YOUR GOAL: From the line that contains "2026 Nissan Armada NISMO" through the line that contains "DC Direct Action", output every line of the listing below exactly and leave out all the rest.

DATASET RECORDS:
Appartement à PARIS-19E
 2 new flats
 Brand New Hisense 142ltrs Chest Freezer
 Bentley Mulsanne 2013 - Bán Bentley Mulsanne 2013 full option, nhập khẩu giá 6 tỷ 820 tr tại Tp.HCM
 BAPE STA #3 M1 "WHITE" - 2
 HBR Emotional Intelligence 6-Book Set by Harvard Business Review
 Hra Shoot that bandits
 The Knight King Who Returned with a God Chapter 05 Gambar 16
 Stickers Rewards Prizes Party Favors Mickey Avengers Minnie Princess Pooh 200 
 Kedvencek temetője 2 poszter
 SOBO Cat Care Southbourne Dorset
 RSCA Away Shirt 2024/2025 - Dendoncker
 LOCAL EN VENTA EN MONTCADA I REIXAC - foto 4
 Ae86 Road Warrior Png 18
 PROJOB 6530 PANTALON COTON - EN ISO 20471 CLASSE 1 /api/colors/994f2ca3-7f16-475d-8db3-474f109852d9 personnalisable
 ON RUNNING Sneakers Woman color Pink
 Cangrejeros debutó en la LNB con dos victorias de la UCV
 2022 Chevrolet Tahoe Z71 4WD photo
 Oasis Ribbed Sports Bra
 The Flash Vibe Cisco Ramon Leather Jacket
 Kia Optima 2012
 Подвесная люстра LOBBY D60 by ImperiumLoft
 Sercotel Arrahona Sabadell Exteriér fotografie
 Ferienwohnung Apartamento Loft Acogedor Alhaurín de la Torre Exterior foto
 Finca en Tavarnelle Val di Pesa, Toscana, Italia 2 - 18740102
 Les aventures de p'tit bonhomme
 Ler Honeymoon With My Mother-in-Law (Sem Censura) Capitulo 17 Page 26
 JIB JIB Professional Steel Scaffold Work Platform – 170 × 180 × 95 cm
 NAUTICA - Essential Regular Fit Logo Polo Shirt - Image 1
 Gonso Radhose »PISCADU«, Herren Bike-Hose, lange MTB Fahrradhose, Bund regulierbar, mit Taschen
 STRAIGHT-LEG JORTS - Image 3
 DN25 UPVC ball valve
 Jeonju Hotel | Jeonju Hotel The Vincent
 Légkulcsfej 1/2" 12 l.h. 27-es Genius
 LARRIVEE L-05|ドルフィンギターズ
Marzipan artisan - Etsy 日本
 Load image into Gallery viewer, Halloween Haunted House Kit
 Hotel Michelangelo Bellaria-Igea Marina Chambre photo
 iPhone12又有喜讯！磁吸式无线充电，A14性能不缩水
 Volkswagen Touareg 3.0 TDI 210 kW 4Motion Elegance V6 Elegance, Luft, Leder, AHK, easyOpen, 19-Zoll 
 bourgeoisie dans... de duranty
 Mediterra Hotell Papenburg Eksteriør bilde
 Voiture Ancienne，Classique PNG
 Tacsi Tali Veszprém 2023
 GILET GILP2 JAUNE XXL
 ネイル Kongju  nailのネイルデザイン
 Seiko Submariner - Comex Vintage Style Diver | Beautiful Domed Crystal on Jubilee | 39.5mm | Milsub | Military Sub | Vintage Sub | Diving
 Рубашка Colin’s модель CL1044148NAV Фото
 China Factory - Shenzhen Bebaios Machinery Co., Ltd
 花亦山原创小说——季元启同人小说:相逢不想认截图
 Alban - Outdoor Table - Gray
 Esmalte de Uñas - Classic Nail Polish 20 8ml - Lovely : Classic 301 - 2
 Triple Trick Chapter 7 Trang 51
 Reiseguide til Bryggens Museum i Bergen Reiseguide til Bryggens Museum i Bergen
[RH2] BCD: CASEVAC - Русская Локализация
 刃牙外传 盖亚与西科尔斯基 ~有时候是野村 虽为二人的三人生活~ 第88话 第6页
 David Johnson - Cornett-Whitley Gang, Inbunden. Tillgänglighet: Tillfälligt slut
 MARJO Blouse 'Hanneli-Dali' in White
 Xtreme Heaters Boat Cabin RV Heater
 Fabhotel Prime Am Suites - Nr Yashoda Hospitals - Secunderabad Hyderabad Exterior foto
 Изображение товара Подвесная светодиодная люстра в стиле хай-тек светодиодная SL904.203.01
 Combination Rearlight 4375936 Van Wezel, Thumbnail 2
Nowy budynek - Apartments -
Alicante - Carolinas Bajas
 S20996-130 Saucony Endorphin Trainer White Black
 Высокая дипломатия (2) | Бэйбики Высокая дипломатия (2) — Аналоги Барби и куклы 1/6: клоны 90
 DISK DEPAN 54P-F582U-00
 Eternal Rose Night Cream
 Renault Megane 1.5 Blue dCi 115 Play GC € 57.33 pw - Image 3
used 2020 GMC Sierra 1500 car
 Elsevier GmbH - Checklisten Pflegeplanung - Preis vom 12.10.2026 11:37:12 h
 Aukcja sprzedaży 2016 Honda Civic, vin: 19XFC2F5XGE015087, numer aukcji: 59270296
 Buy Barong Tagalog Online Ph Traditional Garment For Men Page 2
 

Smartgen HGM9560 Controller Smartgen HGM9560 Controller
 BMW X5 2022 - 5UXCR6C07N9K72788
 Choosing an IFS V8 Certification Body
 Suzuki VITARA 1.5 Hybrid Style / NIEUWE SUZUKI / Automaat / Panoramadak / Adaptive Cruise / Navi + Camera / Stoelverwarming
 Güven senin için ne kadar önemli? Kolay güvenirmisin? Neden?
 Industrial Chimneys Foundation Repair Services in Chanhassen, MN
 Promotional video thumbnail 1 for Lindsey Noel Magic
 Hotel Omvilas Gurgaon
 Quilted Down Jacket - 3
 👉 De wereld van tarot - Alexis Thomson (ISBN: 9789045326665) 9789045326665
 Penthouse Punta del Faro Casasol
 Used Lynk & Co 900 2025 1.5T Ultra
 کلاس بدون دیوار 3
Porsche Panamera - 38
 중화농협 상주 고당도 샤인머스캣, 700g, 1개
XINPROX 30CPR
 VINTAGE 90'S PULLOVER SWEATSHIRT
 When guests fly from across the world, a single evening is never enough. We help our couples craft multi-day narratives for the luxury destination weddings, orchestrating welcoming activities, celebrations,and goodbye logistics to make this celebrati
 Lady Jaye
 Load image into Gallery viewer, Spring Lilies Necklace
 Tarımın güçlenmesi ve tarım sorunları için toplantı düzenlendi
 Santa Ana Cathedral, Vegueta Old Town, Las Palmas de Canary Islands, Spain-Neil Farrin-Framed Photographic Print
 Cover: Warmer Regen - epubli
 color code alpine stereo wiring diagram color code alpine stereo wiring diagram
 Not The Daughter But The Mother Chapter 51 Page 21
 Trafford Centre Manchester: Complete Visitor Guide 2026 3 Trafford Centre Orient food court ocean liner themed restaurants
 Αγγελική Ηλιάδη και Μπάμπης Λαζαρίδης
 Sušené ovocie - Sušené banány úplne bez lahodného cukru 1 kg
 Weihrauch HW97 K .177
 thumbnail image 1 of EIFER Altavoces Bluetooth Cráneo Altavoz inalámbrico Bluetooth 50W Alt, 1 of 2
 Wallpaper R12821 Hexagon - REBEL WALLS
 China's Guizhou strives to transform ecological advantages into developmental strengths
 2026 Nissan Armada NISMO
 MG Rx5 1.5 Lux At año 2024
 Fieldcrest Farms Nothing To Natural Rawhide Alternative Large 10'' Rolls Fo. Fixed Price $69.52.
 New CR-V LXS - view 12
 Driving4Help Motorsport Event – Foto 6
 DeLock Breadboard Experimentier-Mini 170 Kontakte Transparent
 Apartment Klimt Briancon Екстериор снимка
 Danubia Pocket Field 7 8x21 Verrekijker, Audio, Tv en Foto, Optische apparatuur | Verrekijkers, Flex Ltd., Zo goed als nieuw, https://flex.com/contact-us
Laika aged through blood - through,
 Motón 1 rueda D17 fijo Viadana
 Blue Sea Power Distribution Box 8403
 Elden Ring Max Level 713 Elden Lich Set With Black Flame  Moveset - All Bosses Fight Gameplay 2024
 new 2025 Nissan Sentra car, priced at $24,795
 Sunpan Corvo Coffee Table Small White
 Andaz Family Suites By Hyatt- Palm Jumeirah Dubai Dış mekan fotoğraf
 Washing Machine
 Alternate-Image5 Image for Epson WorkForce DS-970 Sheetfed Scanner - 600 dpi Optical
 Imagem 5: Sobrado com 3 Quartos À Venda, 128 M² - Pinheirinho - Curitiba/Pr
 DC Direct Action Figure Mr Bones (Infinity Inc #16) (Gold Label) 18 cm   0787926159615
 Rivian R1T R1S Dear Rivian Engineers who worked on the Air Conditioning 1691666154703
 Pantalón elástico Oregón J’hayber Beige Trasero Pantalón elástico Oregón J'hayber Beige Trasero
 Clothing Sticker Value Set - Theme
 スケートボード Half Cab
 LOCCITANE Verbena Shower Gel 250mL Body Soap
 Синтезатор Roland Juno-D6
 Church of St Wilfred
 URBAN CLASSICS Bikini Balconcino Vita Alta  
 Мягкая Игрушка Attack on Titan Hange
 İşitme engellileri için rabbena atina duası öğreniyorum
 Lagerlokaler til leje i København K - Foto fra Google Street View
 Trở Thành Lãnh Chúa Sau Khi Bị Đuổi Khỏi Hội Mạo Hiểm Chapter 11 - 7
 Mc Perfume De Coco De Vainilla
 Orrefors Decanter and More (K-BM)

ANSWER SPACE:
 2026 Nissan Armada NISMO
 MG Rx5 1.5 Lux At año 2024
 Fieldcrest Farms Nothing To Natural Rawhide Alternative Large 10'' Rolls Fo. Fixed Price $69.52.
 New CR-V LXS - view 12
 Driving4Help Motorsport Event – Foto 6
 DeLock Breadboard Experimentier-Mini 170 Kontakte Transparent
 Apartment Klimt Briancon Екстериор снимка
 Danubia Pocket Field 7 8x21 Verrekijker, Audio, Tv en Foto, Optische apparatuur | Verrekijkers, Flex Ltd., Zo goed als nieuw, https://flex.com/contact-us
Laika aged through blood - through,
 Motón 1 rueda D17 fijo Viadana
 Blue Sea Power Distribution Box 8403
 Elden Ring Max Level 713 Elden Lich Set With Black Flame  Moveset - All Bosses Fight Gameplay 2024
 new 2025 Nissan Sentra car, priced at $24,795
 Sunpan Corvo Coffee Table Small White
 Andaz Family Suites By Hyatt- Palm Jumeirah Dubai Dış mekan fotoğraf
 Washing Machine
 Alternate-Image5 Image for Epson WorkForce DS-970 Sheetfed Scanner - 600 dpi Optical
 Imagem 5: Sobrado com 3 Quartos À Venda, 128 M² - Pinheirinho - Curitiba/Pr
 DC Direct Action Figure Mr Bones (Infinity Inc #16) (Gold Label) 18 cm   0787926159615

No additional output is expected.